Lo político liberal lo había devorado todo.

La Constitución de 1978 es el fin de esta resistencia. A la Iglesia Católica, domesticada para la política durante el régimen de Franco, amansada por el mundo y sus ideologías en el Concilio Vaticano II, se la mencionó en el artículo 16 de la Constitución y se la siguió subvencionando durante un tiempo. Por su parte, la partidocracia hizo que, los católicos adiestrados a obedecer al gobernante en la dictadura pasasen a creer que sus posibilidades políticas pasaban por votar a Fuerza Nueva, UCD, Alianza Popular y, ahora, Vox. La política ilustrada ha invadido nuestra vida y el magisterio de la Iglesia hasta el punto de que hoy puede ser muy difícil apreciar que lo verdaderamente social del católico, frente a lo liberal y lo socialista (perdón de nuevo por la redundancia), es sencillamente desconfiar en el poder político e inspirar desde ahí el diseño de las instituciones.

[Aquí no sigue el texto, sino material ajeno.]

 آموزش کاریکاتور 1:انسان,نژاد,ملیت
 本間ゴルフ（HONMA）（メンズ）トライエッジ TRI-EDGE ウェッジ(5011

No desesperemos por la situación actual. Recordemos las palabras de San Pablo:

“Estamos atribulados en todo, más no angustiados. En apuros, más no desesperados; perseguidos, más no desamparados; derribados, pero no destruidos; llevando en el cuerpo siempre por todas partes la muerte de Jesús, para que también la vida de Jesús se manifieste en nuestros cuerpos” (2 Cor 4-8).

Hoy el combate contra las ideologías tiene la aparente desigualdad que tuvo la de David contra Goliat, pero, si somos conscientes de que esta batalla donde primero se realiza es en nuestras almas, para vencer, sólo nos basta una cosa: creer que Cristo es Rey.